John McCutcheon returns to captivate the Big Room

Singer/storyteller John McCutcheon fills the spotlight at the Big Room.

Singer/storyteller John McCutcheon fills the spotlight at the Big Room.

Photo By matt siracusa

It was a full house packed into the Big Room on a rainy Tuesday night for the first concert of 2010 at the Sierra Nevada Brewing Co..

Emcee Bob Littell greeted the crowd with a cheery “Happy New Year!” before pointing out that the night’s musical guest, Big Room favorite son John McCutcheon, has been booked to play at the Big Room every January since the year 2000, except for last year, when Littell was going to be out of town and would have missed the show.

As it was, McCutcheon—an Americana gem of a folk singer-songwriter and multi-instrumentalist, and storyteller extraordinaire—was back to grace the eager audience with two hours of seamless, captivating performance.

McCutcheon opened the night with a song he introduced as “one of the very first songs I ever learned to play on banjo,” a touching song called “Little Birdie.” McCutcheon’s facility on the banjo was obvious, but his playing never hogged the limelight. He wove in little stories about singing the song at christenings and funerals; about how he learned to play the banjo from Appalachian miner, musician and farmer Roscoe Holcomb; and about a woman he met at the Country Boy Restaurant in Elk River, Minn.

Switching to guitar, McCutcheon launched into “Calling All the Children Home,” another touching song inspired by hearing his mother calling her nine children in for dinner each night.

Often, throughout the night, McCutcheon’s delivery of both lyrics and spoken words reminded me of Minnesota Public Radio star Garrison Keillor—in tone, articulation and thoughtfulness. Turns out that Keillor, as McCutcheon mentioned at one point, was a deejay at the same college McCutcheon attended in Minnesota before he decided to quit school and hitchhike south across the Mason-Dixon Line to Daisy, Ky., where he reveled in the joys of Southern cooking and learning the banjo.
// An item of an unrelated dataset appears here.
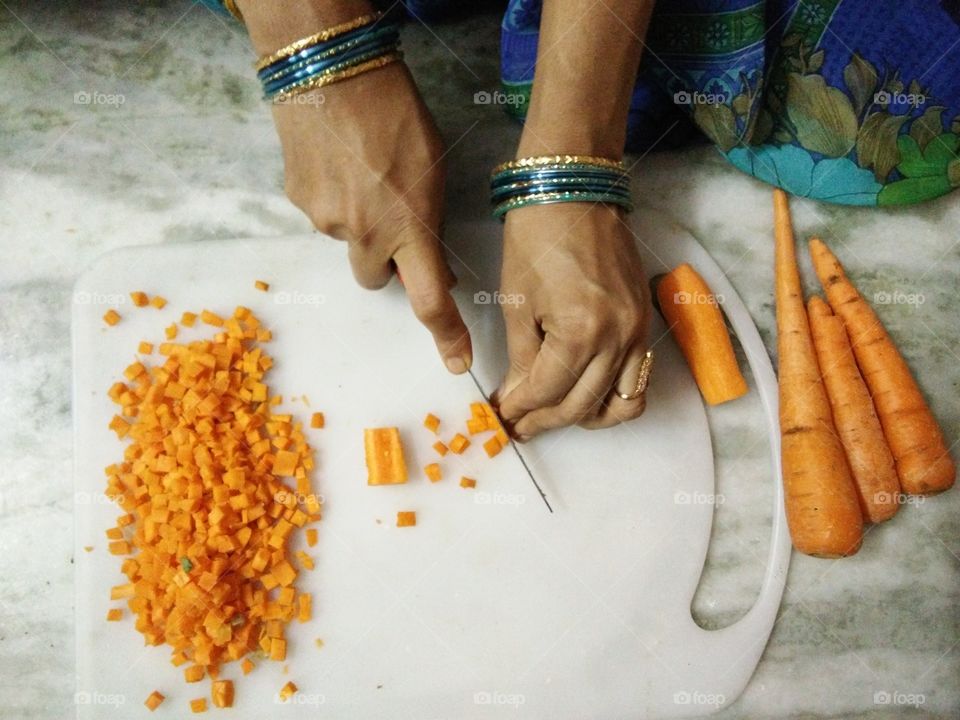 woman chopping carrots with knife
McCutcheon’s “talking blues” song about baseball icon Yogi Berra, from his 2008 baseball-themed album Sermon on the Mound, was a thoroughly entertaining piece made up of “Yogi-isms” strung together: “Shut up and talk,” “Pair up in threes,” “90 percent of the game is half mental,” “Nobody goes there—it’s too crowded,” and so on.

Another baseball song, featuring McCutcheon on keyboard, was a poignant piece about a girl at the end of her softball career who falls while running the bases and is helped to make it to home plate, limping, by a member of the opposing team.
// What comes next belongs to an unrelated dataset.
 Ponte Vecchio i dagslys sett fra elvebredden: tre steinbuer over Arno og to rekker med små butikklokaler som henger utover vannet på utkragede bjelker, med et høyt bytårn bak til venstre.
“Sometimes help comes from where you least expect it,” McCutcheon sang, “and carries you all the way home.” It was one of a number of tidbits of life wisdom sprinkled throughout McCutcheon’s repertoire.

Two of the things McCutcheon is known for are his prolific creation of children’s songs and his prowess on the hammered dulcimer, and he treated the audience to some of each.

At the piano, McCutcheon performed a playful, wisdom-dispensing song that he wrote for his now 27-year-old son when he was in kindergarten: “Don’t hurt each other and clean up your mess/ Take a nap every day/ Wash before you eat/ Hold hands, stick together/ Look before you cross the street.”

McCutcheon’s “Leviathan,” which he wrote “after going on a whale watch,” was one of four pieces he performed on electric hammered dulcimer. The song was mesmerizing—a beautiful weaving together of sounds evoking the voice of a whale, vaguely pinging sounds reminding one of a submarine under water, and exotic sounds similar to those of the plucking of koto strings.

He closed the night (before his encore) with what amounted to a tribute to iconic, 90-year-old American folk singer Pete Seeger when he pulled out his autoharp and had the audience join him in a sing-along of Woody Guthrie’s “This Land Is Your Land.”

McCutcheon sang all the verses, just like Seeger did at President Obama’s inauguration—even the lesser known ones about “private property” and hungry people during the Depression. Another of his timely bits of wisdom for this year’s audience.